Lunch & Learn Series: The Enigmatic Hook-billed Kite

HMANA Lunch & Learn Series: The Enigmatic Hook-billed Kite

Wednesday, July 19 at 12:00 pm EST

We were happy to welcome Ryan Phillips for July’s Lunch & Learn program who spoke about the Hook-billed Kite (Chondrohierax uncinatus).
 
This highly specialized, snail eating Neotropical raptor has a wide distribution that has received little research attention despite local declines occurring. It was once considered to be non-migratory, but Ryan and his team have documented a significant (5,000-9,000) migration of Hook-billed Kites in Belize and have studied this migration for the past 10 years. The past 10 years of the team’s research was also recently published in the Journal of Field Ornithology. Ryan shared their findings and how important this concentration point and migratory corridor in the Neotropical gem of Belize is for this Neotropical raptor and others (Double-toothed Kite, Plumbeous Kite, and Swallow-tailed Kite).
 
RYAN A. PHILLIPS has focused his work on avian ecology and conservation in California and Belize, Central America. Ryan received a B.Sc. in Wildlife, Conservation Biology and Fisheries with a specialization in Ornithology from the University of California at Davis and a M.Sc. in Environmental Studies at San Jose State University studying Neotropical raptor migration. He has been an Adjunct Instructor at De Anza College in the Kirsch Center for Environmental Studies since 2008. Ryan has worked with a wide variety of species, including non-avian species, focusing on their ecology and threats to assist with assessing their status and implementing conservation efforts.

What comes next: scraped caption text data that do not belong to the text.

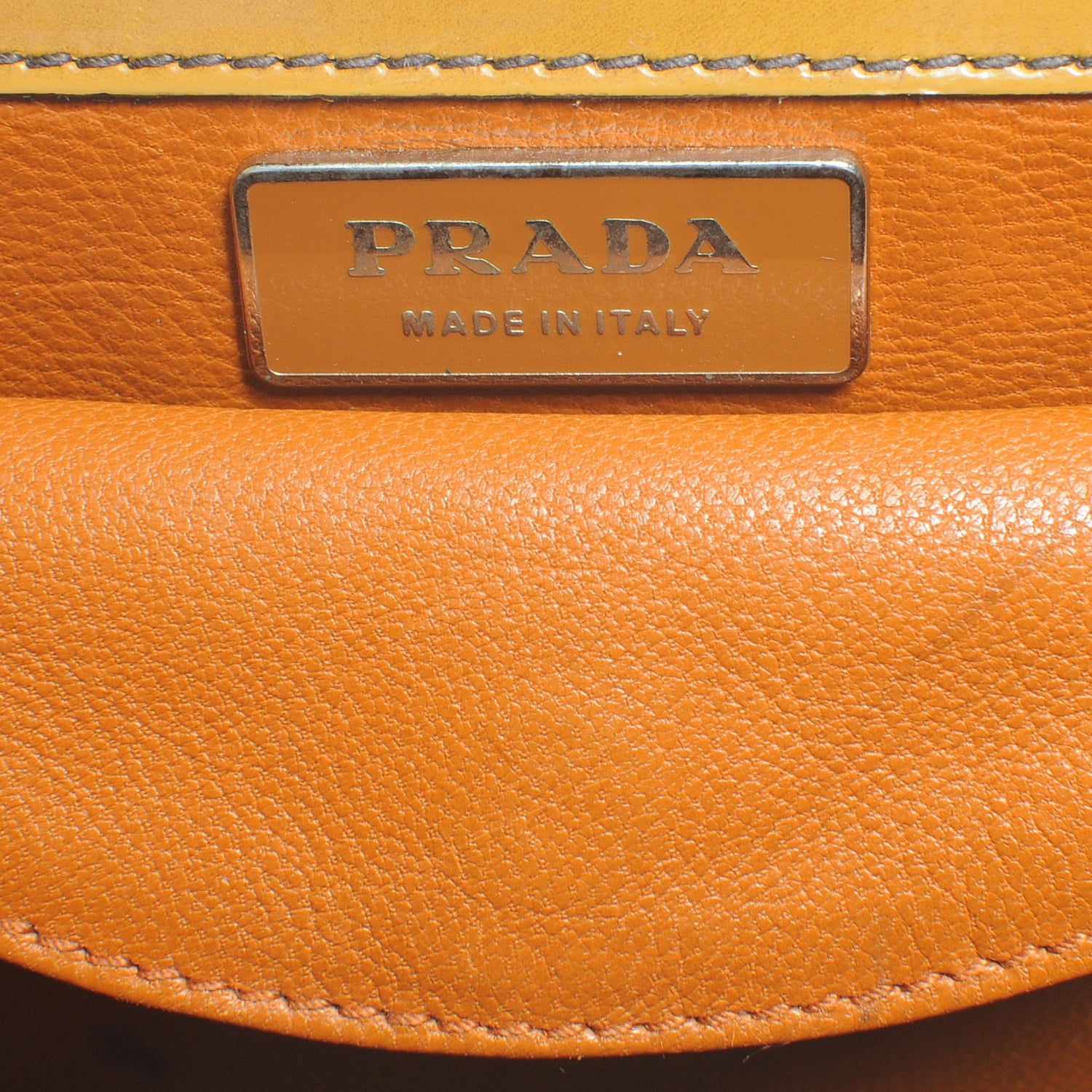 Prada Spazzolato Logo Print Framed Bag Ambra 6 of 6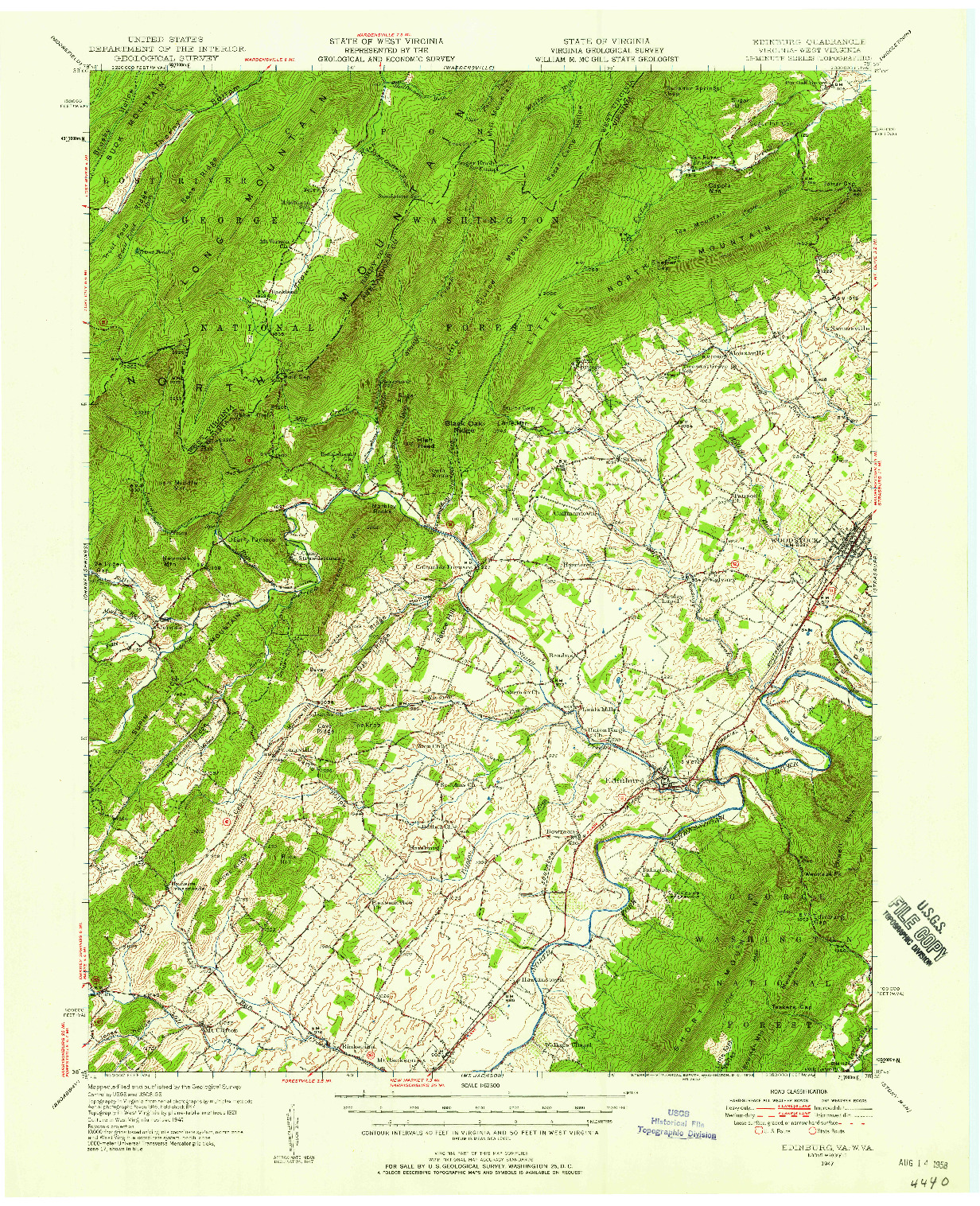 USGS 1:62500-SCALE QUADRANGLE FOR EDINBURG, VA 1947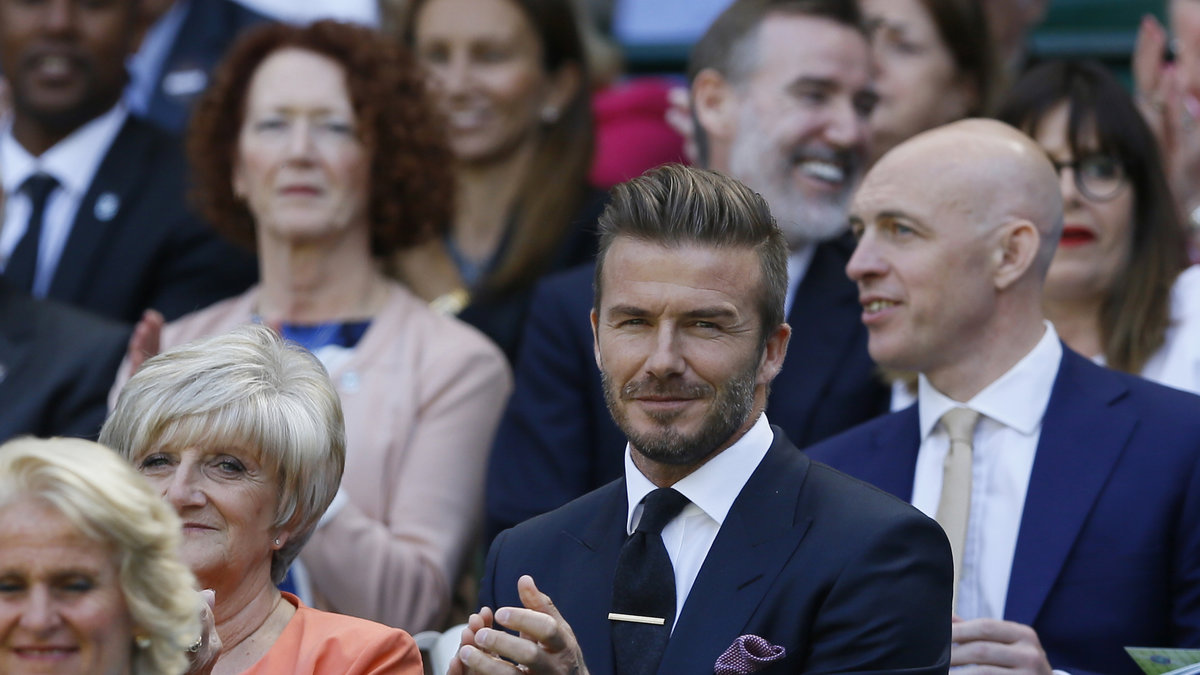 David Beckham på tennis tidigare i år.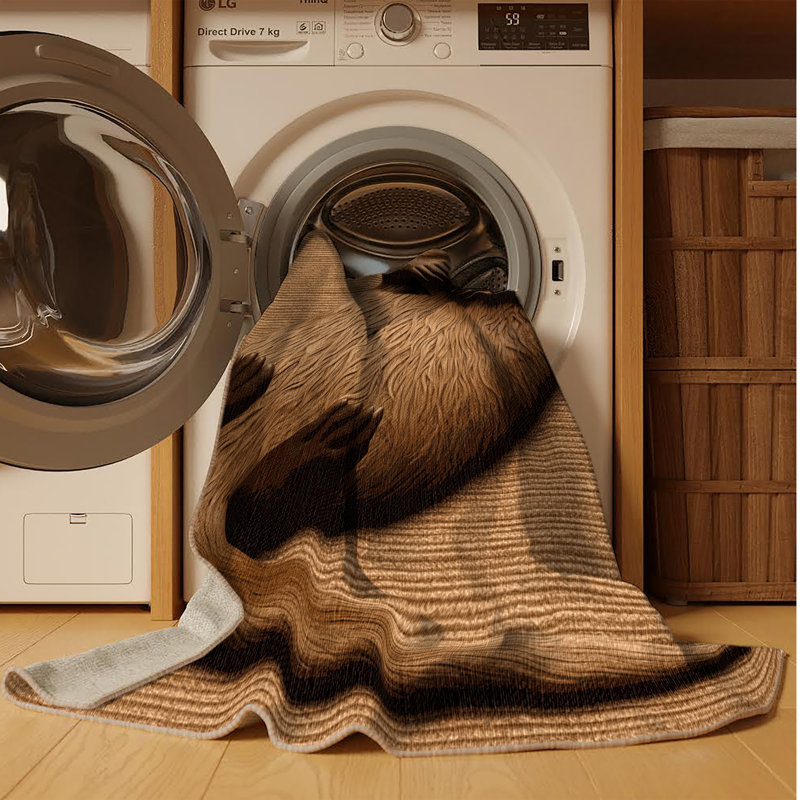  Tapis lavable en forme de loutre lavable, Rond 3 pi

Ryan is the Director and Founder of the Belize Hawk Watch with the Belize Bird Conservancy, a non-profit organization he co-founded in 2009. He has been studying Neotropical raptors since 2004, where he lived in Belize as a Field Biologist for The Peregrine Fund on the Belize Harpy Eagle Restoration Project to assist in restoring a population and study the ecology of post-released captive-bred eagles. During that time and beyond, he also monitored nests of the rare Orange-breasted Falcon and studied Neotropical species which there is little information on such as Solitary Eagle, Stygian Owl, Ornate Hawk-Eagle, and Hook-billed Kite. Since 2016, Ryan has been part of a Burrowing Owl Recovery Team in California to save the Burrowing Owl from local extirpation in the San Francisco Bay Area.